Happy Christmas to Domhnall and Lillian and all Knockdown News readers. May 2016 be a good year for all of us.

I wrote the following for the ICA Book of Christmas and will finish off the year with it here.

I associate the smell of fresh paint with Christmas, as, for the week prior to the big event, we painted everything including the staircase, the legs of the table and the doors. We would not put up the Christmas decorations until the morning of Christmas Eve – always the same ones in the same place! Some of the decorations included handmade paper chains. Mostly I loved putting up the crib.  We had a little table on which we put a semi circle cave-like crib which my father had made from plywood. We put in a floor of straw on which we placed the figurines which were made by a local artist from special clay in the local area.  One of the Wise King’s head fell off one year and every year we tried to put it back on using soap! No glue then! We covered this structure with holly. At night, as a child, I would sit in front of it and wonder about the birth of Jesus and feel sorry for Mary having to give birth in such poor circumstances. We did not have a Christmas tree in those years.
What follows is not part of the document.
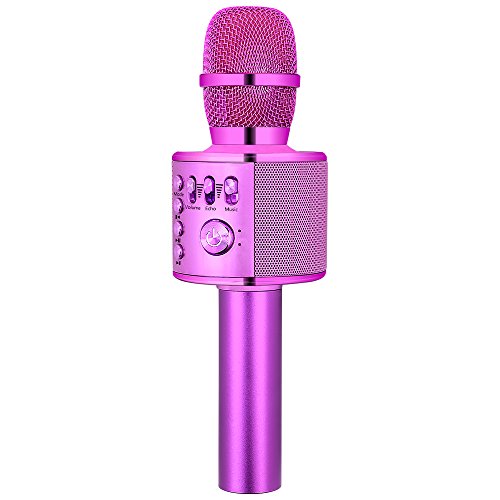 BONAOK Wireless Bluetooth Karaoke Microphone,Valentine's Day Gift 3-in-1 Portable Hand Speaker for iPhone/Android/iPad/Sony,PC and All Smartphone(Purple)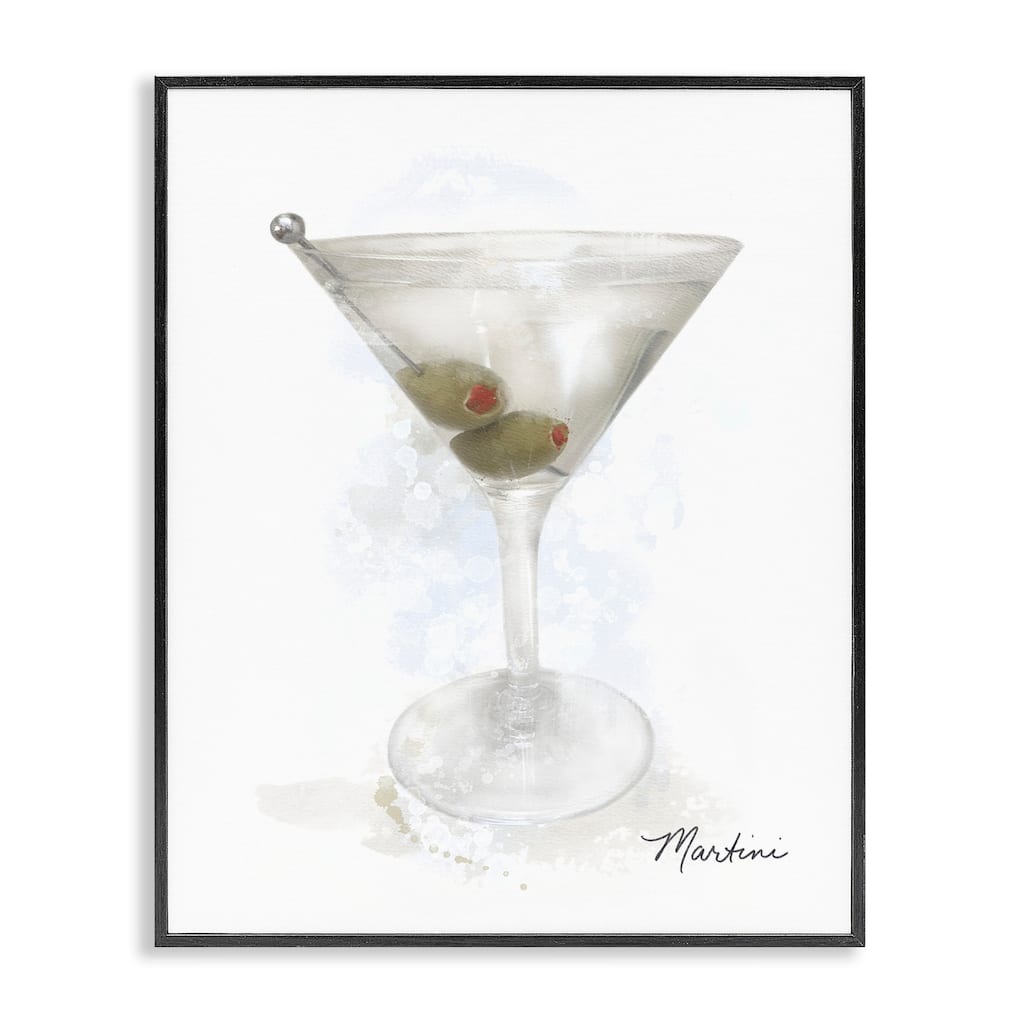 Stupell Soft Muted Martini Framed Giclee Art Design By Matthew Piotrowicz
The last job my father did on Christmas Eve was to sweep the boreen in preparation for Santa. I loved that around 5.00 pm we would light the candle on the front windows; I can still picture my father cutting a turnip in half and cutting a hole out of the centre to place the candle in it. When we had tidied the house and sat down by the fire we waited for the magic to happen. We would listen to the “letters to Santa” being read out on the radio and I loved that beautiful voice of Noel Purcell.  And we could not wait for Santa to leave the North Pole and how lucky and special we felt when we were one of the FIRST houses in the world that he visited.  Co-incidentally our cousin would also arrive around that time laden with Christmas goods made by our lovely Auntie Mary. She would send some goodies including a cooked turkey and a delicious home made trifle with custard and cream and dotted with red cherries. While we were “oohing and aahing” over these treats the dog would start barking outside and my father would go out to “check the cows in the barn” and come in telling us he saw Santa passing over. We would rush out to the front room to see five parcels neatly wrapped in brown paper and arranged in a row on the bed. I still can smell the excitement and atmosphere of sheer delight and amazement. The innocence of it all.

After we had calmed down and admired all that Santa had brought us – he always included new gym frocks for Christmas Day Mass – we would have a supper with our cousin. This included another treasure from Auntie Mary – homemade butter cream sponge which we had been waiting for all day long. Then we would listen as my father told stories of his Christmasses long ago in the 1920’s. Eventually our cousin would get on his bike to cycle home and we would go to bed as we had to be up early in the morning to attend 8 am Mass in Athea. I can still hear the silence in the street in the local village as the only noise was the footsteps of the people heading to the Church; there were not too many cars then.

All these memories come alive now as I remember back to the 1960’s. Christmas was so different in many ways but so alike in the magic of it all. I watch my grandchildren now and can share in their delight at seeing their presents, so much more elaborate than ours, but still magical. And some people believe that there is no Santa! No wonder I hear him laughing ho-ho-ho!